The internal name I consider is the i-node value calculated before
move, which will also be used to return i-node for the files hard
linking to it.

>> > > In both cases, the inode computation code in all incarnations of stat()
>> > > will need to be changed to dereference a "hard link" and compute the inode
>> > > number of the original file.  Also, at least the open() system call
>> > > (possibly others) will need to be changed to get to the correct file.

As I've noted, i-node won't have to be computed every time.
I don't presume changes to open() et al. AFAICS, path_conv::check()
needs to be addressed (need some feedback on this, however).

>> > One thing I forgot to mention is how to handle link counts.  Those could
>> > be stored in, for example, the NTEA attributes file for the original (or
>> > the corresponding special) filename.  I don't see anything wrong with
>> > requiring NTEA on FAT in order to have hard links, BTW.

ntea relies on a set of win32 functions available to NT family only.
I'm primarily concerned with hard link functionality on 9x/ME systems,
so it won't work.
I'm thinking of keeping link counts in that hidden directory.


>On Tue, 20 Apr 2004, Bill C. Riemers wrote:
>>   touch /tmp/foo.txt
>>   ln /tmp/foo.txt /home/bcr/foo.txt
>>   mkdir /home/bcr/tmp
>>   mv /tmp/foo.txt /home/bcr/tmp/foo.txt
>>
>> Both versions of foo.txt are still valid, even though they would not be with
>> a symbolic link.

Right.
And, I didn't say I was thinking of emulating symbolic links.

>> I do not see a good way to reproduce all the behaviors of a hardlink without
>> underlying filesystem support.  Take for example, if we do just
>> rename the original file and put in a symlink.  How do we make sure the link

I'm NOT talking about symlinks. 
This is about hard links, emulated using a new type of shortcut.
Symlinks are also EMULATED with a special shortcut in Cygwin.

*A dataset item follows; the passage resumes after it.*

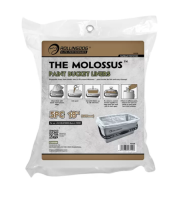 סט 5 יח' ניילון החלפה לדלי ג'אמבו אפור 18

On Tue, 20 Apr 2004 15:47:09 -0400 (EDT), Igor Pechtchanski wrote:

>I agree with your points.  Approach #1 below would require modifications
>to the move implementation as well.  Also, interaction with Windows tools
>is important, and if you can only access hard-linked files through Cygwin,
>their usefulness will be somewhat limited.  Approach #2 is more uniform,
>but still doesn't address the interaction with Windows tools (the "hard
>links" will be able to be moved and renamed by Windows tools, but not
>actually read).  It's likely that a general solution is impossible

The reason I insist on shortcuts is to alleviate these issues.

>altogether, and copying the files *is* the best approximation.

It should not be an approximation from Cygwin's point of view. 
And, I think it will be a better approximation for Windows since
single copy of a file exists. 

I'm mostly concerned about atomicity and synchronization issues,
especially during initial link and final unlink.